A lot changed. Our armed forces became lighter, faster, more mobile. The identity of our known and presumed enemies changed. We even held military exercises over the years with Russia. Reagan’s view of Russia changed over time too, of course, especially as it became less of a perceived threat and more a growing trading partner.
This week has felt like 1982 all over again. In fact, it may be worse, as weapons are deadlier, population density greater, infrastructure bigger, and the world more interconnected. Things are so bad, in terms of potential world-scale conflict, that Germany says it will spend four times last year’s defense budget on military investments this year, and the Swiss have chosen not to stick to neutrality in all things.
Maybe the surest indication we have leapt back in time is that many of the American veterans I know on social media, who became vaguely pro-Putin when they became pro-Trump, are incensed by the invasion of Ukraine and have returned to Reaganite frames of mind. I posted about the Snake Island takeover on a Facebook page for ex-military divers, which has UK and European group members, and they said the Russian warship “would make a good reef on the bottom.”
“Would be nice if there’s a US sub in the Black Sea to slam a MK 48 Torpedo into it,” one said.
Another: “Moskva Cruiser, sink the bast—-s.”
There were still divisive thoughts in some posts—“How do we know that Putin is not wagging the dog, and taking the focus off of the failed Cvd-19 narrative? We all know we cannot trust American media. No way man”—but, generally, few seem to have continued to follow Trump’s admiration for authoritarianism wherever it resides.
Few in that group and elsewhere jumped in to say they would fight in Ukraine, either. I was anticipating someone putting together a group to go (as US veterans went to Standing Rock in 2016), and I did finally see one such group start to organize on Facebook on Sunday morning, just as President Zelensky made a call for volunteers for an international legion to help defend Ukraine. The US publication Military Times even gave instructions for joining up.
But there are difficulties, ranging from questions of whether the US allows its citizens to fight for foreign armies, to whether life insurance policies would pay out if volunteers were killed in crisis zones, or how their bodies would be brought home to loved ones. Would-be volunteers were told to contact the Ukrainian embassy in DC to apply, but its website went down, and there seems to be something of a concerted effort that this not be made easy. The British Foreign Secretary said she was in favor of UK citizens being allowed to go fight; the Defence Secretary countered her.
And now that the Russians are invading a country with aspirations to being in NATO, most of the Cold War vets on social media—even many of those who wanted to be seen as hard men, ready for American civil war—seem to feel their time has passed anyway.
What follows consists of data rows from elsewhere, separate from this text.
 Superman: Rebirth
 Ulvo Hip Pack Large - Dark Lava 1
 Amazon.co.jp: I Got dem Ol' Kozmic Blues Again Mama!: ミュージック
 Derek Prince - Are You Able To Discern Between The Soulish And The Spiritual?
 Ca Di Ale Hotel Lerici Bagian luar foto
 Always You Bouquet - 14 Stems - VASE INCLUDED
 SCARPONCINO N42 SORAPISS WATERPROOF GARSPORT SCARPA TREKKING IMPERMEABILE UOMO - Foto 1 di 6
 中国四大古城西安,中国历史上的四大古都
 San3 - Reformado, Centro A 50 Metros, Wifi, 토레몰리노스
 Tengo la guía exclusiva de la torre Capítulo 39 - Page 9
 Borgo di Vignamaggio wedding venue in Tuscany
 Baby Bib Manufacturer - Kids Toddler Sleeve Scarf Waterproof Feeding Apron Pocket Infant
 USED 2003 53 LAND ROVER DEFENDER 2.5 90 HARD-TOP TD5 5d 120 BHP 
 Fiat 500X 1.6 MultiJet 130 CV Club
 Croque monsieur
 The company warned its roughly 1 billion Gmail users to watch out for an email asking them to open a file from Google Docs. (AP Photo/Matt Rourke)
“You’ve got plenty of years left in you for adventures!” one veteran told a younger group member. “My last stand will [be] here on overwatch for my family if Putin goes really nuts and starts hitting buttons. But I’m moving a lot slower than you. Kick some butt and save some of those poor people Brother! Until Valhalla!”
If the thought of Cold War US military veterans fighting Russians in the streets of Kyiv makes you sweat a little, as it does me, then consider that a few hours ago Roger Zakheim, the director of the Ronald Reagan Presidential Foundation and Institute, and former general counsel for the House Armed Services Committee, told the Senate Armed Services Committee that we should consider “the possibilities of having American intelligence provide more direct assistance to the Ukrainian military, including potentially on the ground operatives.” These would probably be Special Forces troops or their CIA equivalents, to perhaps advise or provide intelligence, but also to “sabotage the roads,” according to the Times. Several senators were interested.
Individual countries in NATO providing assistance (money, arms, materiel) to the Ukrainians walks a fine line, as Putin threatens and watches closely for interference, but there is much being given and certainly more to come.
The Fulda Gap was thought to have lost its significance (see here for a possible replacement) after the Soviet Union broke up, but then many of us had also grown accustomed to not seeing “a conventional move like this, nation-state to nation-state,” as a US senior defense official told CNN Thursday, and “certainly nothing on this size and scope and scale.” It is, in fact, “the largest conventional military attack that’s been seen since World War II,” the official said. And a return to old fears.